3.7 Participants at a European multidisciplinary workshop 'EGFR testing in NSCLC: from biology to clinical practice' (2009) emphasised the importance of standardisation and validation of EGFR‑TK mutation tests and recommended that testing should only be undertaken in a quality-assured, accredited setting. However, there was no consensus on which laboratory test should be used for clinical decision-making. Participants agreed that the decision to request EGFR‑TK mutation testing should be made by the treating physician and that results should be reported within 7 working days of request. Conversely, guidelines from the Royal College of Pathologists recommend that, to minimise turnaround time, molecular diagnostic tests should be ordered by the pathologist reporting on the histology of the tumour.
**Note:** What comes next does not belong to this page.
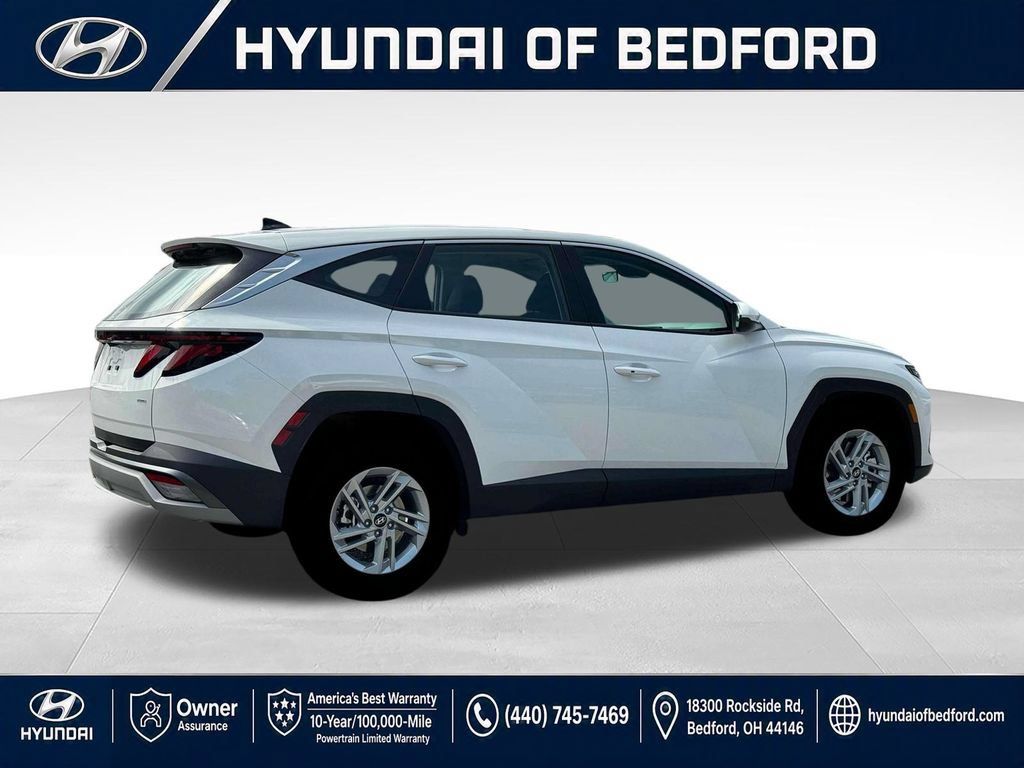 Used 2025 Hyundai Tucson SE AWD/4WD image 9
3.8 Treatment options for NSCLC include gefitinib and erlotinib, which are EGFR‑TK inhibitors indicated for patients with EGFR‑TK mutation-positive tumours. NICE's technology appraisal guidance 192 (Gefitinib for the first-line treatment of locally advanced or metastatic non-small-cell lung cancer) and technology appraisal guidance 258 (Erlotinib for the first-line treatment of locally advanced or metastatic EGFR‑TK mutation-positive non-small-cell lung cancer) recommend gefitinib and erlotinib respectively as options for the first-line treatment of locally advanced or metastatic NSCLC in people whose tumour tests positive for an EGFR‑TK mutation. Other treatment options for NSCLC include chemotherapy regimens. NICE clinical guideline 121 recommends that chemotherapy should be offered to people with stage III or IV NSCLC and a good performance status (WHO 0, 1 or Karnofsky score 80–100) with the aim of improving survival, disease control and quality of life. Treatment with curative intent is not possible for these people. First-line chemotherapy should be a combination of a single third-generation drug (docetaxel, gemcitabine, paclitaxel or vinorelbine) and a platinum drug (carboplatin or cisplatin). People who are unable to tolerate a platinum combination may be offered single-agent chemotherapy with a third-generation drug. NICE technology appraisal guidance 181 (Pemetrexed for the first-line treatment of non-small-cell lung cancer) recommends pemetrexed plus cisplatin as a first-line treatment for locally advanced or metastatic NSCLC, if the histology of the tumour has been confirmed as adenocarcinoma or large-cell tumour.